COMPARATIVE STUDY
JOURNAL ARTICLE
RANDOMIZED CONTROLLED TRIAL

Benefits of electronic vision enhancement systems (EVES) for the visually impaired

Rachael C Peterson, James S Wolffsohn, Martin Rubinstein, John Lowe
American Journal of Ophthalmology 2003, 136 (6): 1129-35
14644225

PURPOSE: To examine whether objective performance of near tasks is improved with various electronic vision enhancement systems (EVES) compared with the subject's own optical magnifier.

DESIGN: Experimental study, randomized, within-patient design.

METHODS: This was a prospective study, conducted in a hospital ophthalmology low-vision clinic. The patient population comprised 70 sequential visually impaired subjects. The magnifying devices examined were: patient's optimum optical magnifier; magnification and field-of-view matched mouse EVES with monitor or head-mounted display (HMD) viewing; and stand EVES with monitor viewing. The tasks performed were: reading speed and acuity; time taken to track from one column of print to the next; follow a route map, and locate a specific feature; and identification of specific information from a medicine label.

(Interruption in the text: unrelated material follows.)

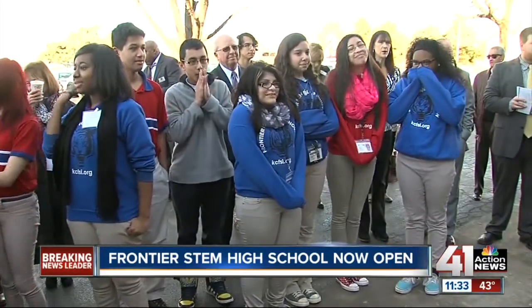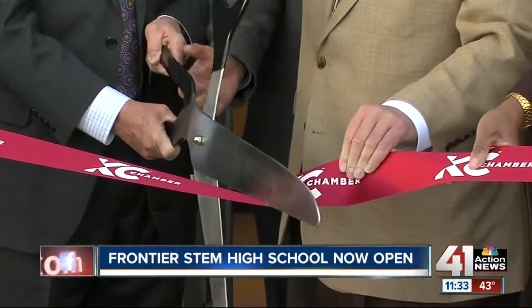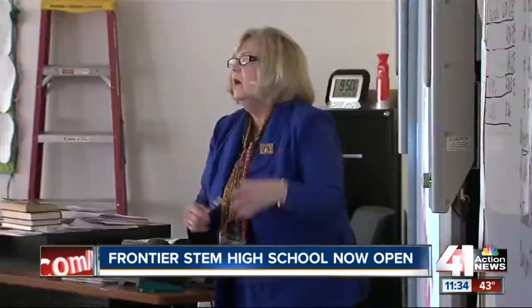This is one of the three buildings that this tuition-free charter school, sponsored by UMKC, is using. The newly renovated facility is 20,000 square feet. Students now have a number of new learning spaces, including eight classrooms, a cafeteria, computer lab, and science lab.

RESULTS: Mouse EVES with HMD viewing caused lower reading speeds than stand EVES with monitor viewing (F = 38.7, P <.001). Reading with the optical magnifier was slower than with the mouse or stand EVES with monitor viewing at smaller print sizes (P <.05). The column location task was faster with the optical magnifier than with any of the EVES (F = 10.3, P <.001). The map tracking and medicine label identification task was slower with the mouse EVES with HMD viewing than with the other magnifiers (P <.01). Previous EVES experience had no effect on task performance (P >.05), but subjects with previous optical magnifier experience were significantly slower at performing the medicine label identification task with all of the EVES (P <.05).

CONCLUSIONS: Although EVES provide objective benefits to the visually impaired in reading speed and acuity, together with some specific near tasks, some can be performed just as fast using optical magnification.